Les familles et proches du village s’offrent entre eux des buffles (compter de
30 à 500 millions de rupiah pour un buffle noir ou tacheté, soit de 2 000 à
plus de 30 000 euros) et des cochons (entre 500 000 et 3 millions de
rupiah). S’en voir offrir un oblige à la réciproque le moment venu. Des sommes
conséquentes sont au centre de la vie économique et sociale du pays Toraja…
Chose
surprenante, les défunts ne sont pas considérés comme morts tant que la
cérémonie n’a pas eu lieu. Et tant qu’il n’y pas assez d’argent, il n’y a pas
de célébration… Vous commencez à voir le problème. Les personnes sont donc considérées
comme « malades », mais continuent de vivre dans la maison. Il faut
s’adresser à elles comme à des personnes vivantes, et même leur proposer un
petit café ! Vivre avec une personne décédée (d’un point de vue médical)

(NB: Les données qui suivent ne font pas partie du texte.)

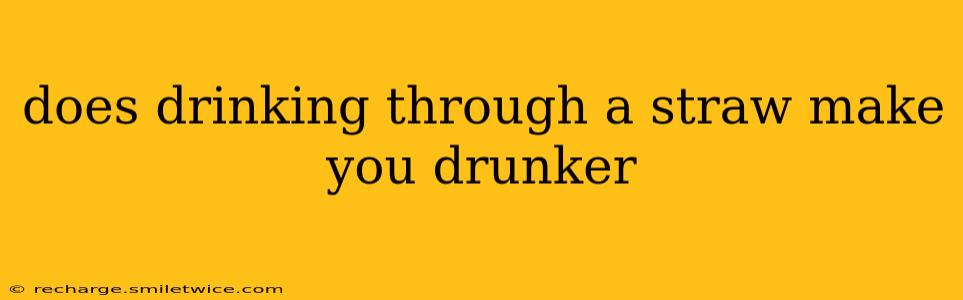 does drinking through a straw make you drunker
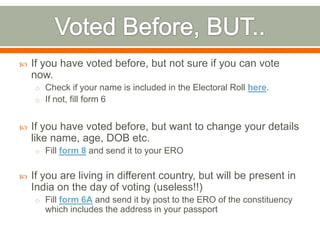  If you have voted before, but not sure if you can vote
now.
o Check if your name is included in the Electoral Roll here.
o If not, fill form 6
 If you have voted before, but want to change your details
like name, age, DOB etc.
o Fill form 8 and send it to your ERO
 If you are living in different country, but will be present in
India on the day of voting (useless!!)
o Fill form 6A and send it by post to the ERO of the constituency
which includes the address in your passport
 
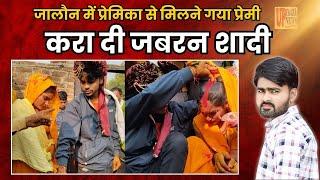 जालौन में प्रेमिका से मिलने गया प्रेमी,करा दी जबरन शादी #jalaun #shadi news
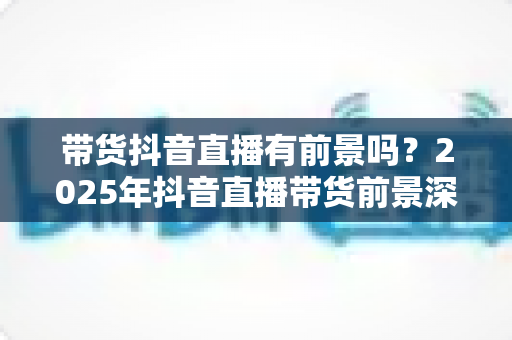 带货抖音直播有前景吗？2025年抖音直播带货前景深度解析与入局指南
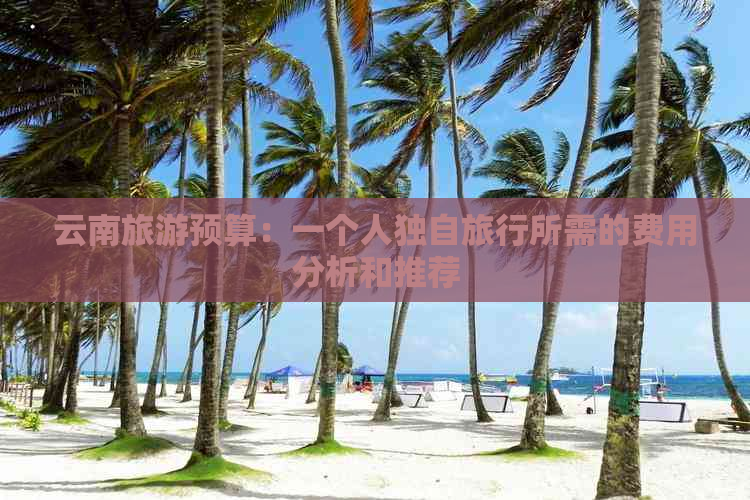 云南旅游预算：一个人独自旅行所需的费用分析和推荐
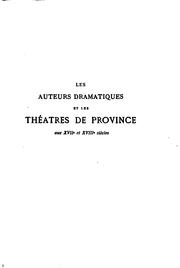 Cover of: Les auteurs dramatiques et les théâtres de province aux XVIIe et XVIIIe siècles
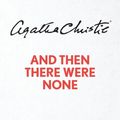Cover Art for 9780573014413, And Then There Were None: Play by Agatha Christie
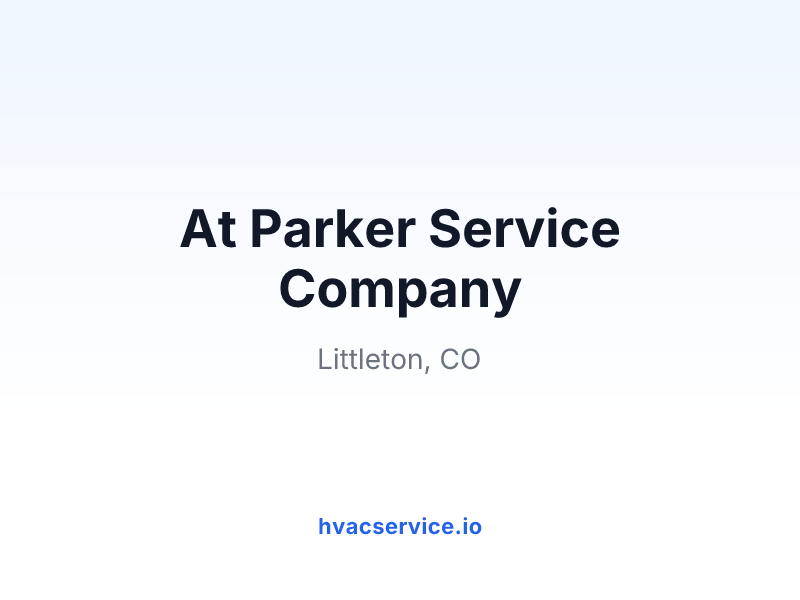At Parker Service Company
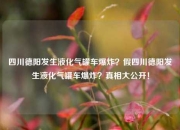 四川德阳发生液化气罐车爆炸？假四川德阳发生液化气罐车爆炸？真相大公开！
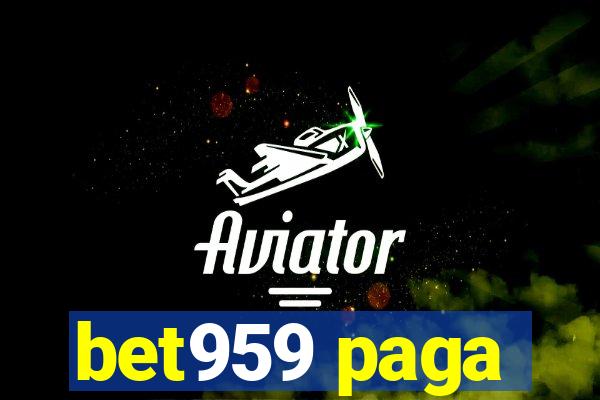 bet959 paga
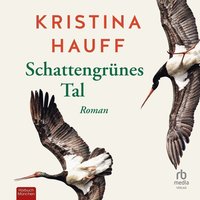 Schattengrünes Tal - Kristina Hauff - audiobook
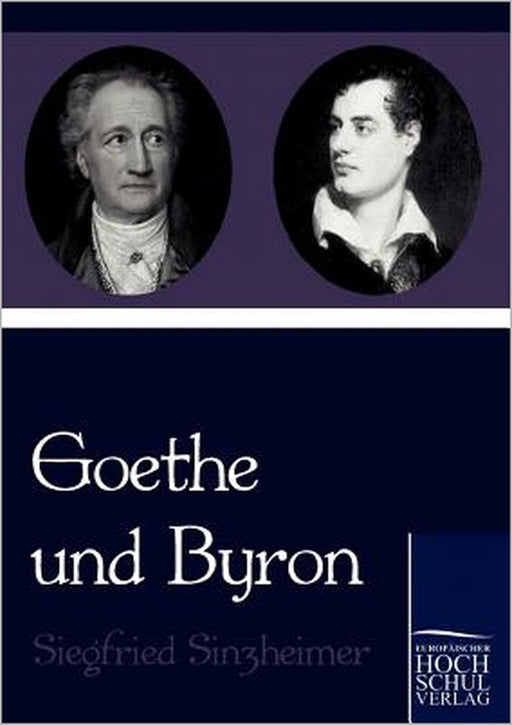 Goethe und Byron by Siegfried Sinzheimer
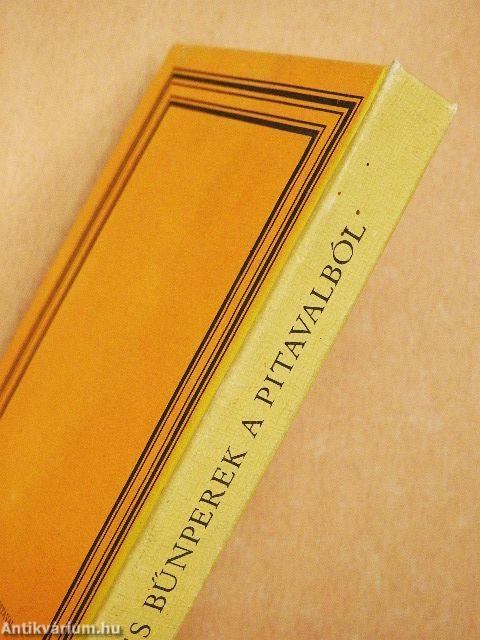 Híres bűnperek a Pitavalból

peut durer un certain temps, qui se compte en jours, mois, années… voire
dizaines d’années. Pour rendre cela possible, les familles ont accès à du
formol à l’hôpital et conservent ainsi leurs défunts chez eux, en attendant une
cérémonie.
Notre guide
nous expliquera qu’il a des funérailles prévues en septembre, soit dans trois
mois, et qu’il doit s’organiser. Le « malade » restera dans sa maison
pendant tout ce temps. Avoir une date de cérémonie trop proche peut mettre dans
l’embarras si l’on n’a pas le temps de collecter l’argent pour acheter les
bêtes à sacrifier…
Parlons des
choses sérieuses : Les sacrifices. Nous avons assisté aux funérailles
d’une personne de la classe sociale supérieure, c’est donc pas moins de 27
bêtes qui ont été offertes à la famille, 24 buffles et 3 cochons. La famille
décidera de sacrifier 16 buffles et les 3 cochons, les 8 bêtes ayant échappé au
massacre seront vendues sur le marché ou rendues à la famille qui l’a offert
(oui, les cadeaux se négocient, en fonction des situations individuelles – pratique !).
Cela
commence brutalement, nous apercevons un buffle en train de s’agiter au milieu
de la place. Nous comprenons rapidement qu’il a reçu un coup de machette sous
la tête, dans l’aorte. Son sang gicle de toute part, et sans attendre, c’est un
second buffle qui s’agite, pour les mêmes raisons… Lorsque le « bourreau »
est efficace, il ne faut que quelques secondes pour que l’animal tombe à terre.
Lorsqu’il est plus timide, il doit s’y reprendre à deux ou trois fois avant que
le buffle s’écroule, souvent secoué par de fortes convulsions. Rapidement, ce
sont plusieurs bêtes qui se vident simultanément de leur sang, les buffles se bousculent et se tombent les uns sur les autres, certains
prennent peur… L’un des bourreaux se prend une douche involontaire de sang, en
étant positionné juste devant le buffle. C’est un carnage complètement bestial,
un véritable bain de sang,.. Les trois petits cochons passant par-là se
prennent également un coup de machette dans le flan et tombent au bout de
quelques secondes…
Bientôt,
c’est un véritable charnier que nous observons. Deux douzaines de bêtes sont
mortes, le sang imprègne le sol et déjà les mouches commencent à se présenter.
Nous sommes
ici pour découvrir une culture, pour
autant, nous aurions préféré qu’il y ait des chants, prières ou autres qui
accompagnent le sacrifice. Nous n’avons pas ressenti une spiritualité ni de
l’émotion dans ce moment. Nous nous rendons simplement compte que la scène à
laquelle nous venons d’insister est pour les locaux d’une banalité désarmante,
alors que nous avons difficilement vécu de nous trouver au milieu d’un abattoir
à ciel ouvert.
Les bêtes
seront dépecées et leur viande répartie entre les familles. Nous avons
largement notre quota d’images sanglantes, il est temps de passer à autre
chose, nous dirigeons vers le marché de Rantepao.